*Action item*. Write out exactly the lines from the one holding "Roheline Metssild Isekleepuv" to the last line of the entries, both ends included and nothing else, without the pictures.
(Material to process Opens)
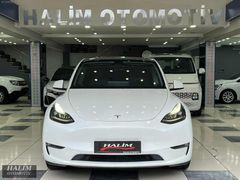 HALİM OTOMOTİV.2023 TESLA MODEL Y LONG RANGE BOYASIZ 73.000KM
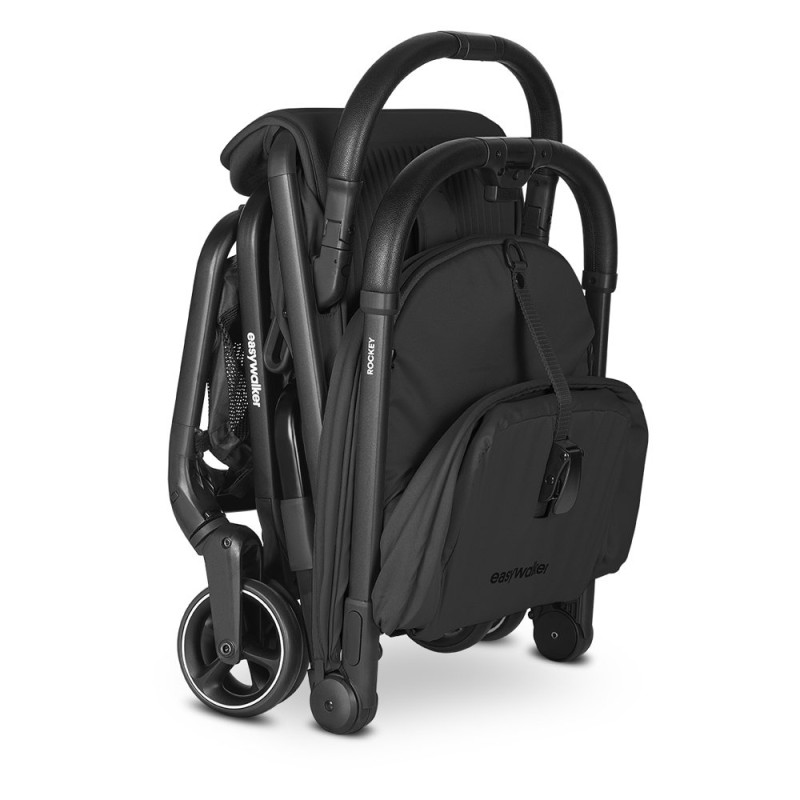 Прогулянкова коляска Easywalker FULL Rockey S Pure Black артEAS11001 FULL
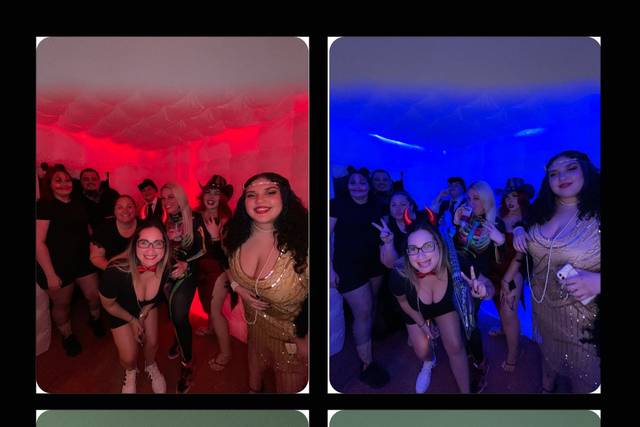 Halloween photo booth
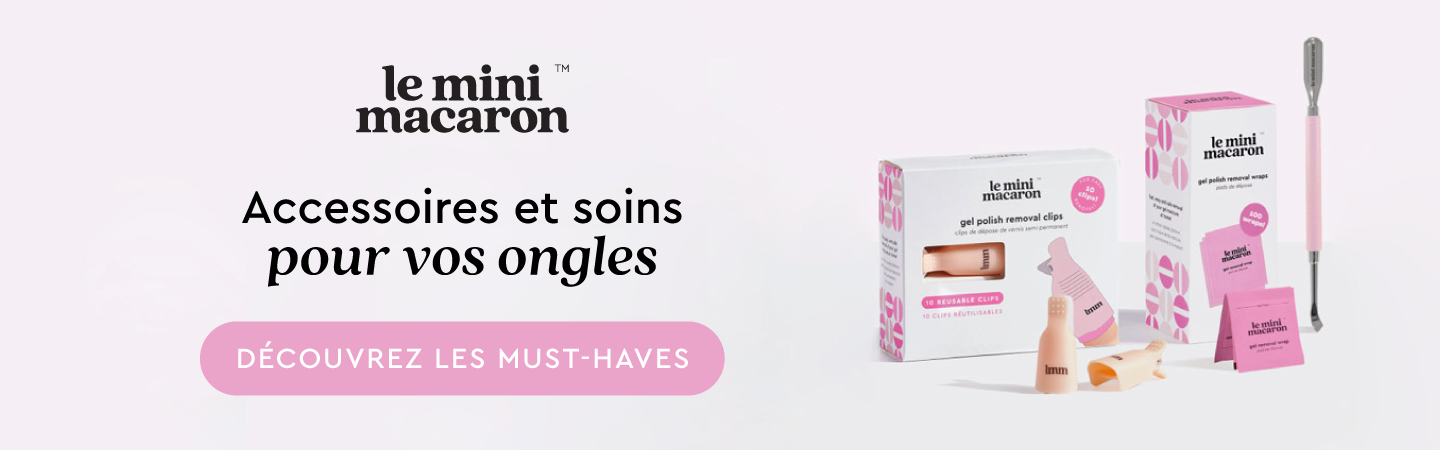 Le Mini Macaron Patchs de D&eacute;pose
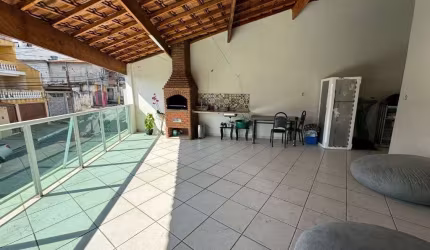 Sobrado com 3 dormitórios à venda, 167 m² por R$ 640.000,00 - Jardim Valéria - Guarulhos/SP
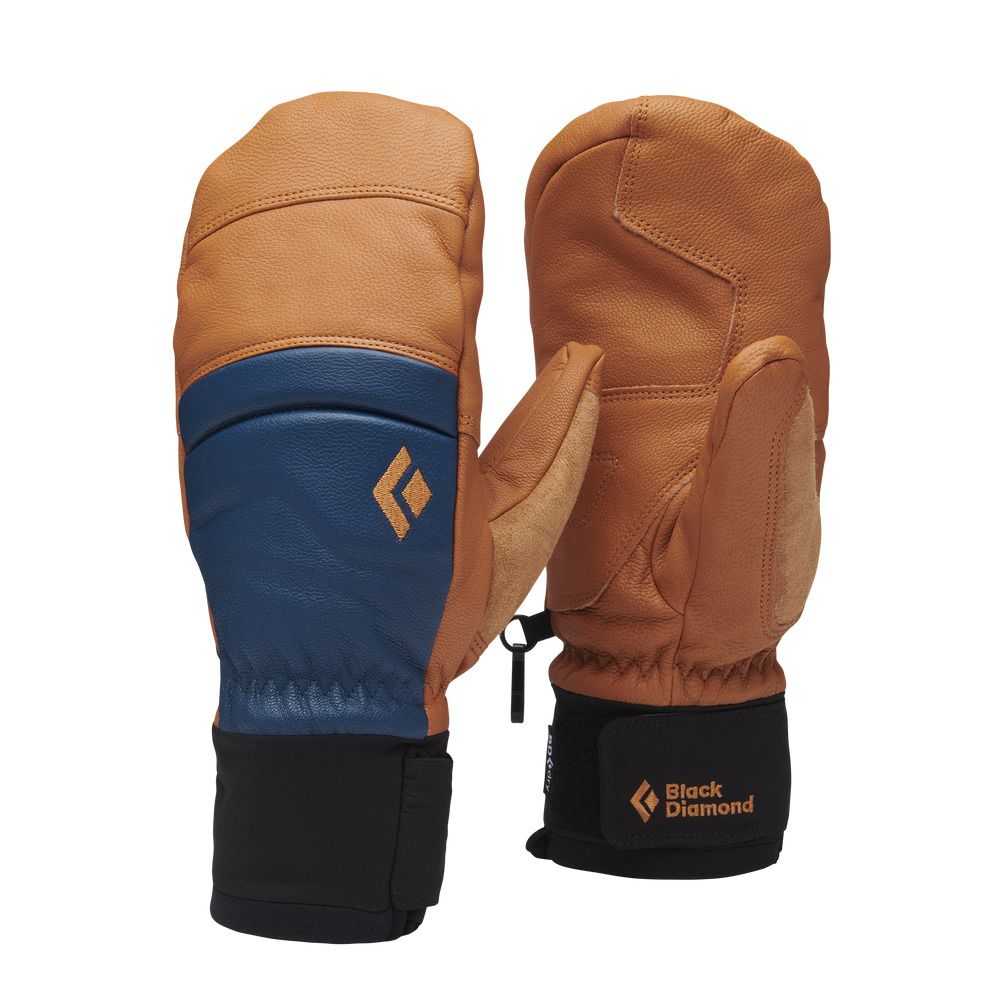 Black Diamond SPARK MITT - Moufles ski henna/ink blue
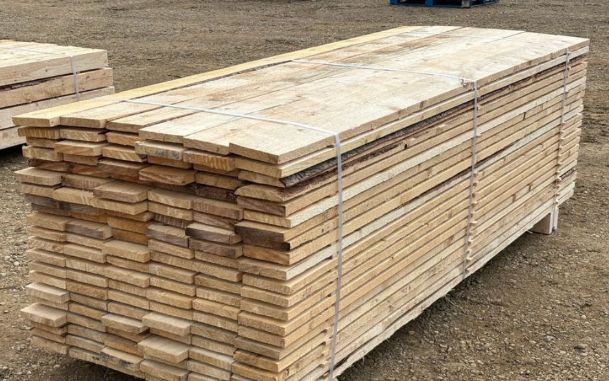 2X6 Rough Spruce 16&#39;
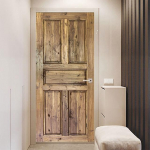 Roheline Metssild Isekleepuv uksetapeet 3D PVC Kodukaunistuse kleebis Ranna P&auml;ikesemaastiku Plakat Seinamaal Seinakleebise deurkleebis 29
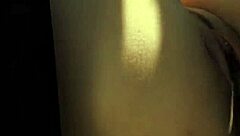 flirty stepdaughter gets tight pussy stretched by stepdad's huge cock on tractor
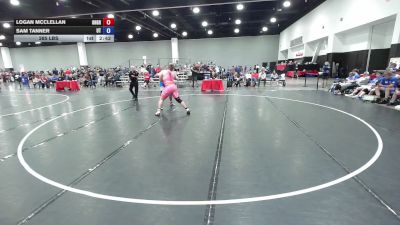 285 lbs Logan McClellan, Ohio Gray vs Sam Tanner, Team Utah
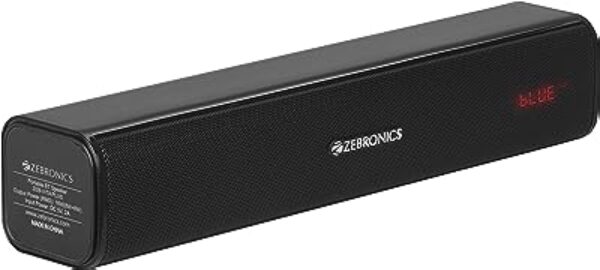 Zebronics Vita Plus Portable Speaker (Black)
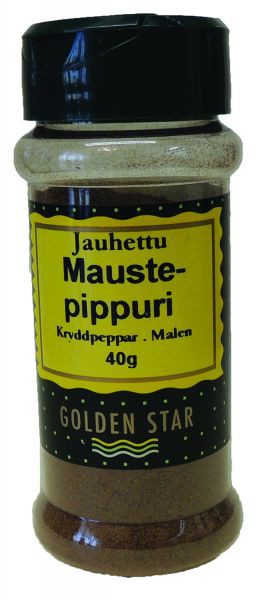  GOLDEN-STAR Mauste-pippuri, 40 . 170 .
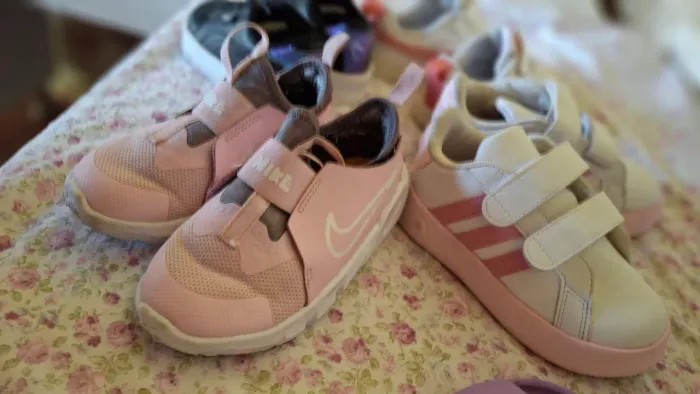 Tênis e crocs - Nike, Adidas,Puma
(Material to process Closes)
*Task solution*.
 Roheline Metssild Isekleepuv uksetapeet 3D PVC Kodukaunistuse kleebis Ranna P&auml;ikesemaastiku Plakat Seinamaal Seinakleebise deurkleebis 29
 flirty stepdaughter gets tight pussy stretched by stepdad's huge cock on tractor
 285 lbs Logan McClellan, Ohio Gray vs Sam Tanner, Team Utah
 Zebronics Vita Plus Portable Speaker (Black)
  GOLDEN-STAR Mauste-pippuri, 40 . 170 .
 Tênis e crocs - Nike, Adidas,Puma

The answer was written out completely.